PolarisMail Service Outage Postmortem
As mentioned in our previous post Service Outage Incident, we experienced a service outage on Friday, December 8th 2017 at approximately 16:30 EST. Today we’re providing an incident report that details the nature of the outage and our response.
Due to heavy investment in our infrastructure over the past few years we enjoyed no outages or other kinds of incidents in the past 10 years. Unfortunately this streak came to an end on Friday, due to events out of our control.
This service issue has impacted all of our customers, and we apologize to everyone who was affected.
The root cause was a power outage in downtown Montreal which turned into a service outage due to the failure of Peer1 generators to start when the power loss was detected.
Times are EST
Friday December 8th
15:45 A fire broke out at a power station serving downtown Montreal, shortly before 16:00 EST.
16:15 Power station cuts off electricity to most of downtown Montreal. Peer1 DataCenter UPS’s go live and shoulder the load
16:30 Peer1 DataCenter backup generators fail to start and power is cut off to all Peer1 customers located at the 1080 Beaver Hall DC, including us.
16:45 We initially thought it was a networking/routing issue due to the complete lack of communication with the DC
16:55 Peer1 confirms the lack of power and we initiate outage procedures: Our main service domain is configured on 60 seconds refresh so we quickly diverted incoming e-mails to offsite pooling servers
17:00 A PolarisMail engineer is dispatched onsite
18:08 Power is restored to the DC. All servers come back online but e-mail service is not available.
18:30 As described in our “E-mail Backups” post, we keep several copies of all mail data on different kinds of architecture in order to avoid data loss. Following the sudden power loss, our main storage array came back up but required a lengthy data integrity check before becoming operational ( 24h+ ). Our live hotspare storage array was also affected and required the same data integrity check.

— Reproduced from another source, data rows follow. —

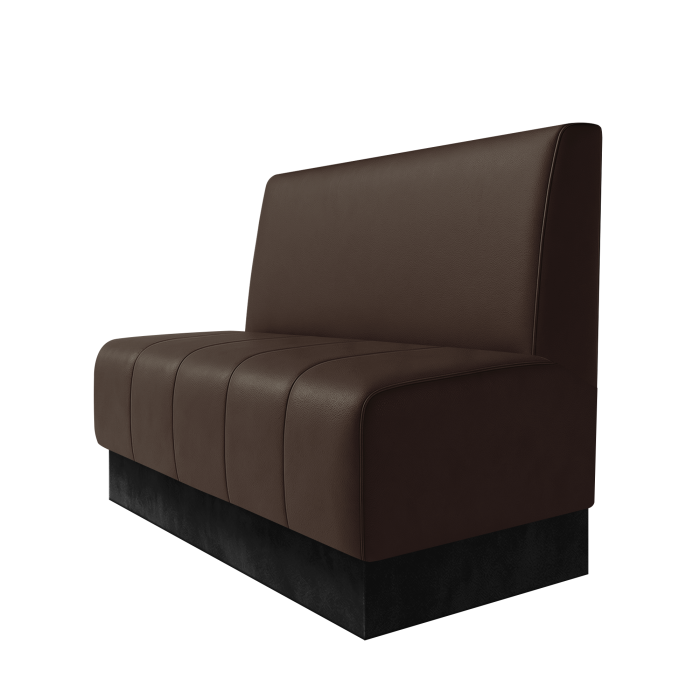 Fischer | Gastrobank | B:H 100 x 100 cm | Braun | Glatt | Leder | Fußleiste Schwarz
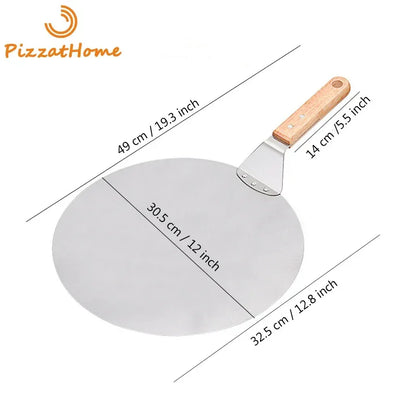 Stainless Steel Pizza Peel Wooden Handle Pizza Shovel Round Paddle Pizza Peels Cake Shovel Spatula Baking Tools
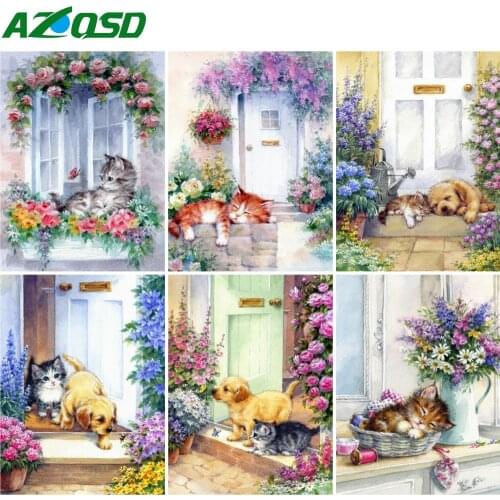 AZQSD Full Drill Diamond Embroidery Cat Mosaic Picture Of Rhinestones Diamond Painting Garden Animal Decoration For Home Gift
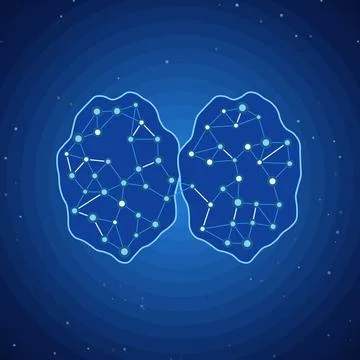 Artificial intelligence brain network flat vector illustration with two Stock Illustration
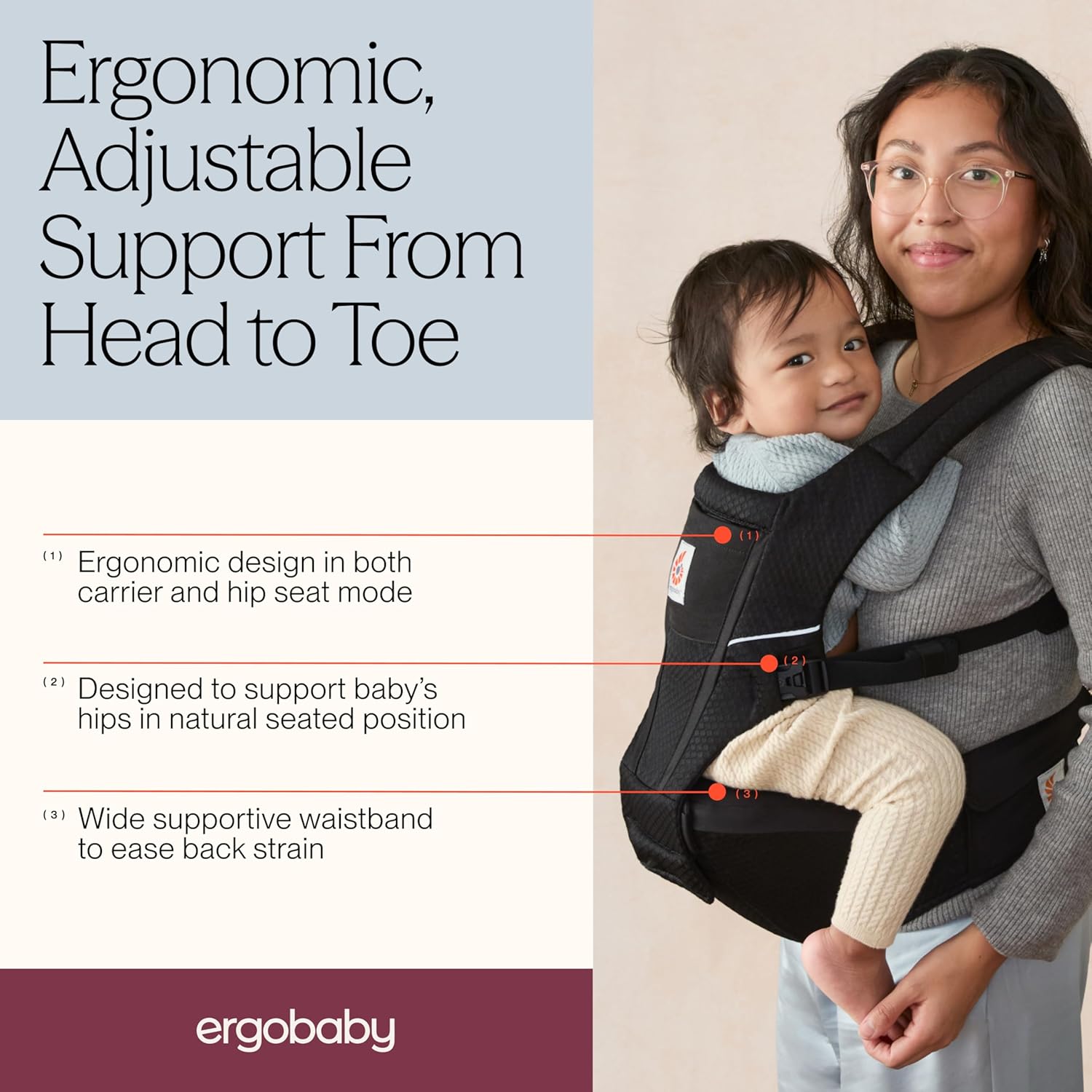 Detalle de Ergobaby Alta Hip Seat Babytrage mit abnehmbarem Rückenteil & SoftFlex Mesh – ab 4 Monaten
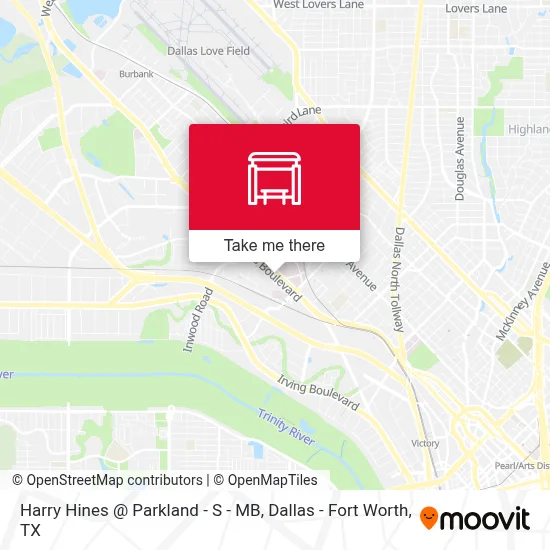 Harry Hines @ Parkland - S - MB map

Luckily, a third-level backup storage array which runs on ZFS was completely unaffected by the unexpected shutdown.
19:30 After a few attempts at restoring the original storage array and the live hotspare, it was decided it’s best to let the data integrity check complete before using that infrastructure again
19:30 It was decided to promote the ZFS backup storage array to primary status
23:00 ZFS backup storage is completely reconfigured to take on the primary role
23:15 Incoming e-mails are re-routed back to our main infrastructure
23:45 Outbound SMTP service is restored
Saturday December 9th
00:45 IMAP service is restored
01:20 POP3 service is restored
01:30 We keep complete, separate backups on yet another storage array of all incoming e-mails, before they are even delivered to the customers. These are the gateway level backups. The ZFS backup was lacking these latest e-mails so the customers were noticing a gap in their e-mail timeline.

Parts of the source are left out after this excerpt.